Why babies in South Korea are suing the government

Adults, children and babies — including Woodpecker who is being carried — are among the plaintiffs claiming that the South Korean government is threatening their rights through inaction on climate change.Credit: Kim Hong-Ji/Reuters

The first lawsuit to challenge national climate policies in East Asia could lead to more cases of its kind in the region, say researchers. On 21 May, the South Korean constitutional court will hold its second and final hearing of the case. In the landmark challenge, babies, children, adults and even an unborn child filed petitions to sue the South Korean government for not doing enough to tackle climate change. The plaintiffs claim that the government’s climate goals are too weak, threatening their right to live in a healthy environment.
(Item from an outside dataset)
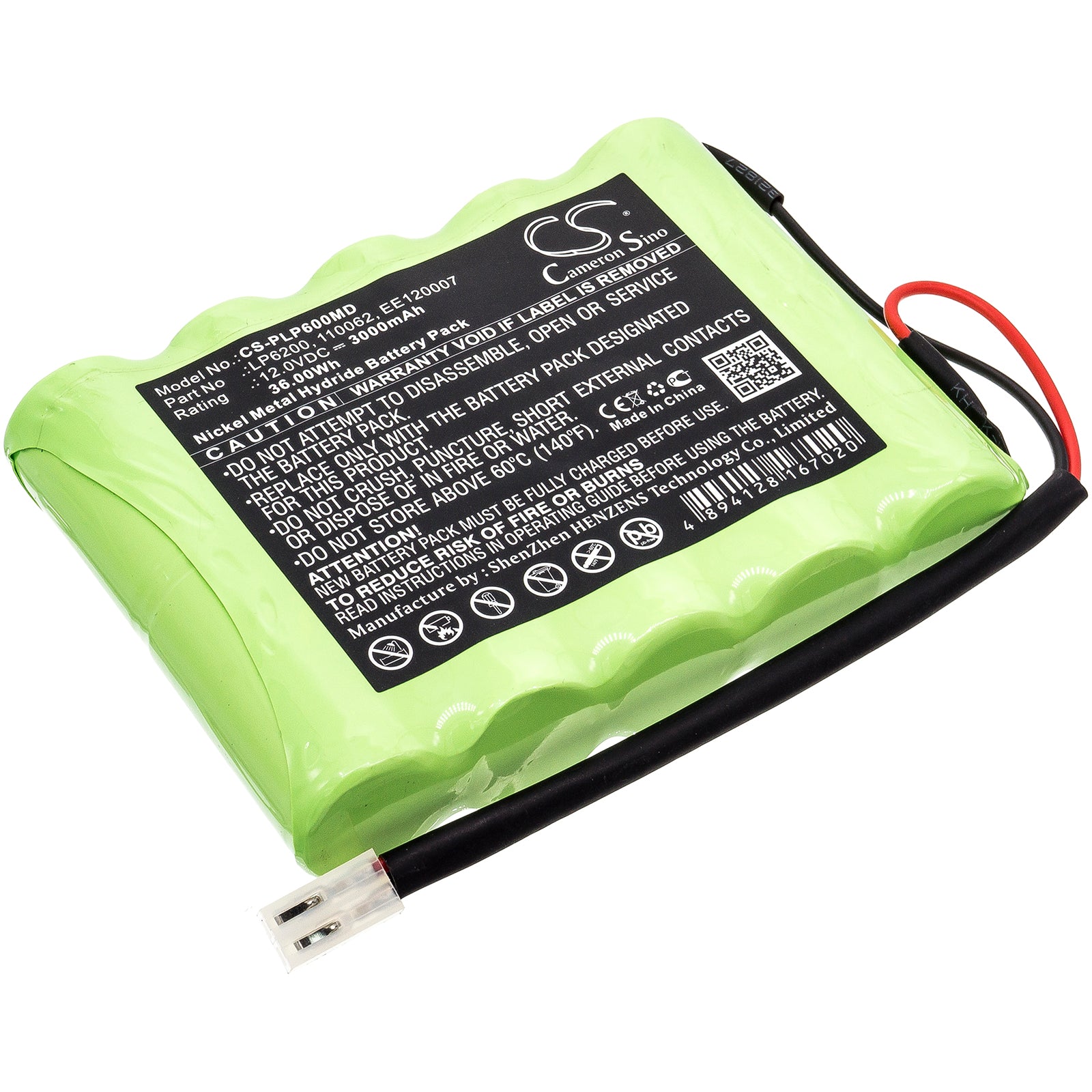 Physio-Control Lifepak 6 6S 7 Defibrillator Battery | CS-PLP600MD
Such a case is unheard of in East Asia, but similar cases have been filed in places including the United States, Europe, Canada, Australia, India and Brazil. Sejong Youn, who is a legal counsel for the case in Seoul says, “If we have a favourable precedent in South Korea, I think that will really be a trigger in spreading this trend.”
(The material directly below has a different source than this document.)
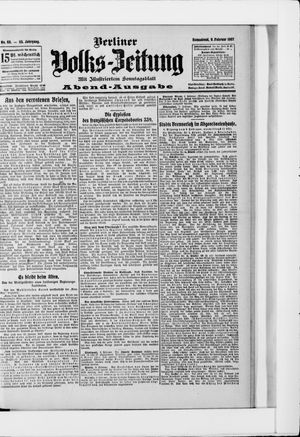 Berliner Volkszeitung vom 09.02.1907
“It will send a message: all countries need to take action in order to tackle this global crisis, and there are no exceptions,” he says.

The case before the court is the result of merging four similar cases that were filed between 2020 and 2023. The first hearing occurred last month.

One of the four cases was filed by parents on behalf of their children, including one unborn child, nicknamed Woodpecker, who is now one year old. “Usually, we first obtain human rights when we are born,” says climate-litigation researcher Masako Ichihara at the Kyoto Climate Adaptation Center in Japan. In this case, Woodpecker acts as a powerful symbol for how society should protect unborn future generations from the impacts of climate change, she says.

Youn hopes a decision on the case will be made later this year, before the country is set to revise the climate plans it takes to the United Nations, known as its nationally determined contribution (NDC). Currently, the South Korean government aims to reduce greenhouse-gas emissions to 40% below 2018 levels by 2030. If all countries held this level of ambition, it would cause up to 3 °C of warming by the end of the century, compared to pre-industrial levels, according to the Climate Action Tracker, which monitors global climate commitments. This overshoots the goal of the 2015 Paris climate agreement to limit warming to well below 2 ºC .

The timing of the ruling matters because the NDC revisions scheduled for next year will lay out South Korea’s climate plans until 2035. “If we have a constitutional ruling on the insufficiency of the current NDC [this year], we will be able to enhance the government’s climate ambitions while they’re working on the 2035 target,” Youn says.

Ripple effect

A ruling in favour of the South Korean plaintiffs would inspire climate activists across Asia and beyond, says Ichihara. “It’s a very big and significant case in Asia.”

People in East Asian countries are generally less likely than those in Western countries to use litigation as a tool to challenge the government’s policies, says Ichihara. “Litigation is a last resort,” she says.

But there is a growing awareness of climate change and litigation as a tool in the region, says Mingzhe Zhu, who studies the links between politics, science and nature at the University of Glasgow, UK. “In China, especially in mainland China in the last decades, climate awareness is definitely growing,” says Zhu.

From a legal standpoint, if the plaintiffs lose their case, it will become less likely that the constitutional court will agree to hear climate cases again, says Zhu. But this should not be seen as a failure, he says. “Even if you lose this time, you can lose beautifully in the sense that you provoked social awareness,” says Zhu. “The very fact that this case went to the constitutional court — that is already a certain sense of success,” he says.

“I believe in people’s creativity. Even if you fail this time, you can learn from this experience and just try another pass,” he adds.